- Provided entries -
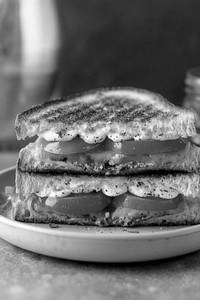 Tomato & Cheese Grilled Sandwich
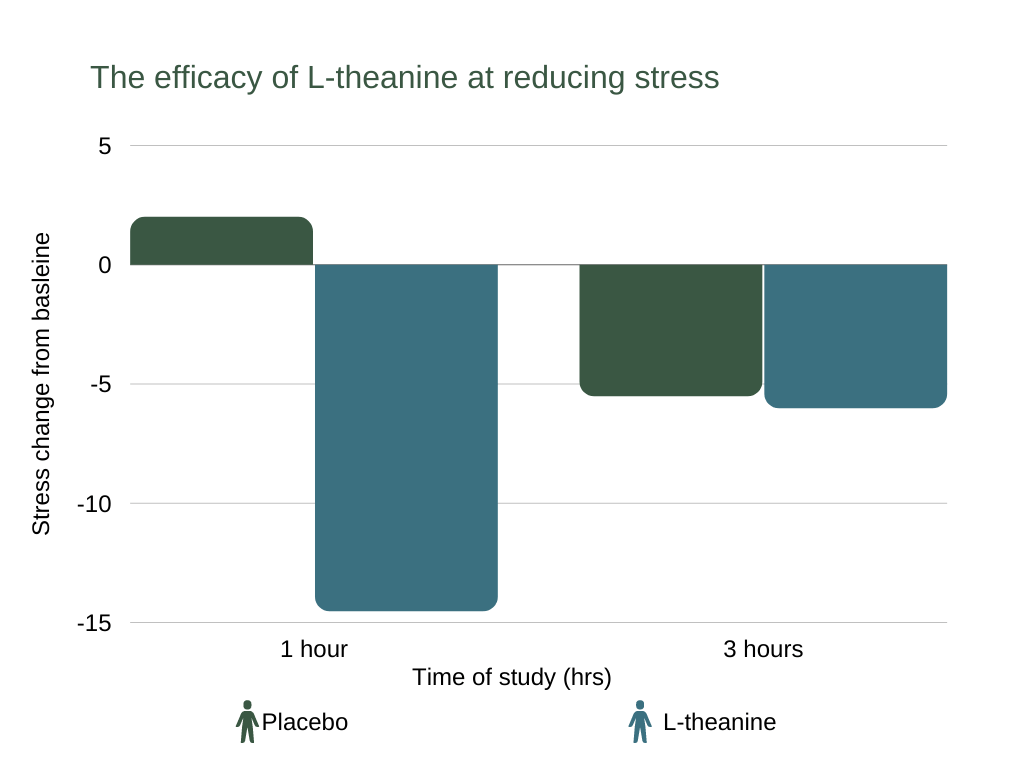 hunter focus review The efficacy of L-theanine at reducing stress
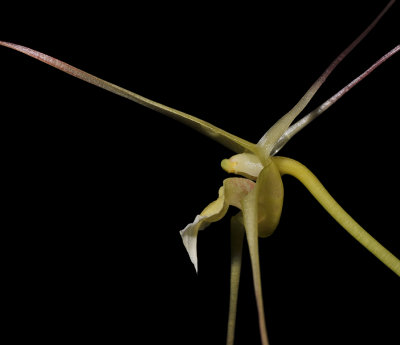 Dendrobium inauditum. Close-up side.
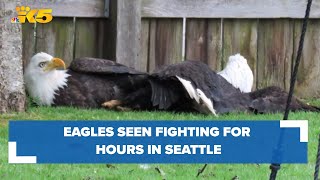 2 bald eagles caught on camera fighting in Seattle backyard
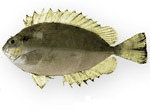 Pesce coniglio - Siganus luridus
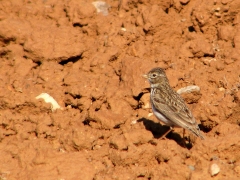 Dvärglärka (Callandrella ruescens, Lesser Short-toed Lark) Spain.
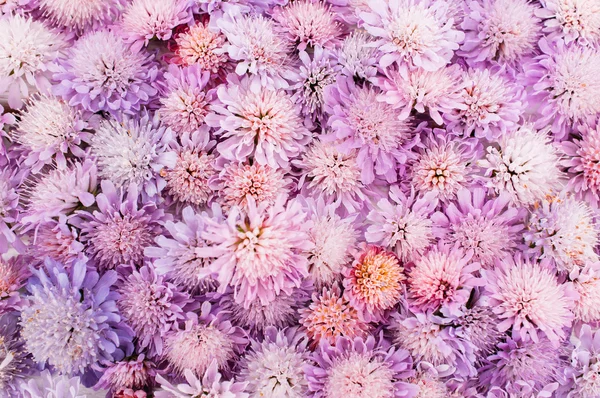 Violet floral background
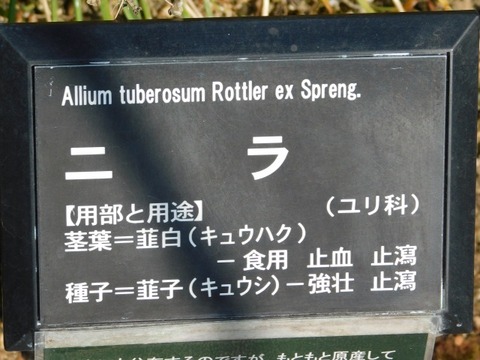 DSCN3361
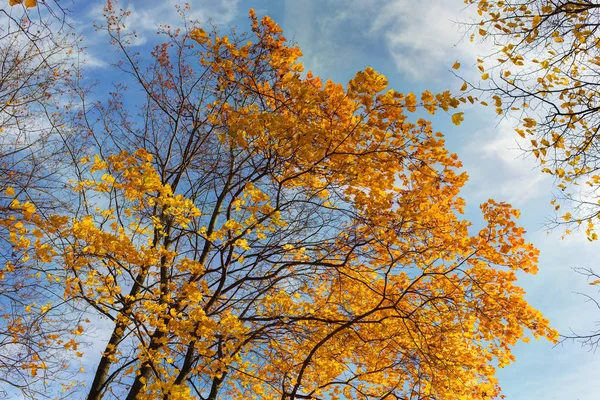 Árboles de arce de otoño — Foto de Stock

--

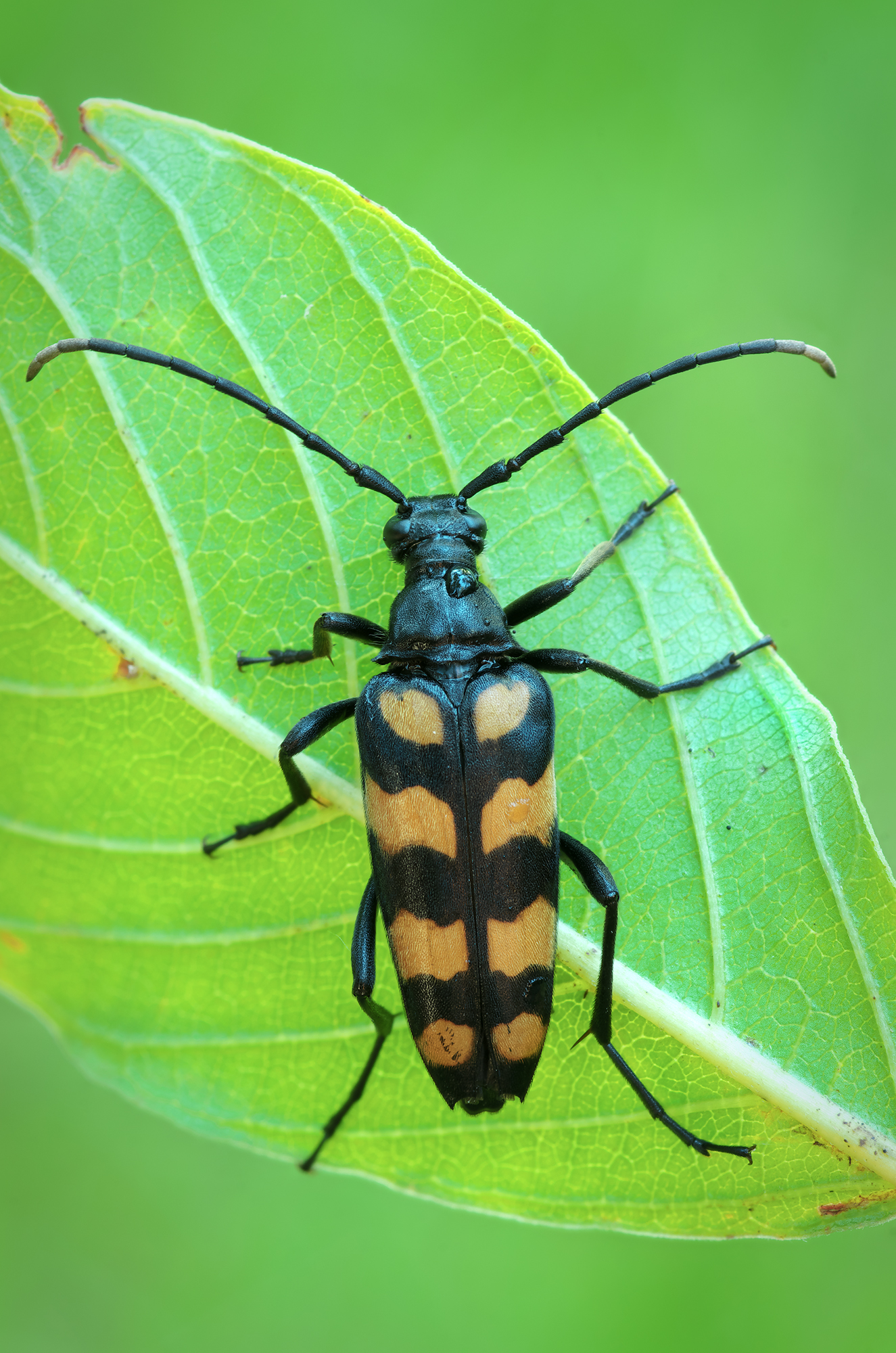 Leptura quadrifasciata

- Exercise brief -
Among the entries above, find the line with "2 bald eagles" and repeat exactly from there through the line with "Árboles de arce de otoño — Foto de Stock", leaving out the pictures.

- Exercise result -
 2 bald eagles caught on camera fighting in Seattle backyard
 Pesce coniglio - Siganus luridus
 Dvärglärka (Callandrella ruescens, Lesser Short-toed Lark) Spain.
 Violet floral background
 DSCN3361
 Árboles de arce de otoño — Foto de Stock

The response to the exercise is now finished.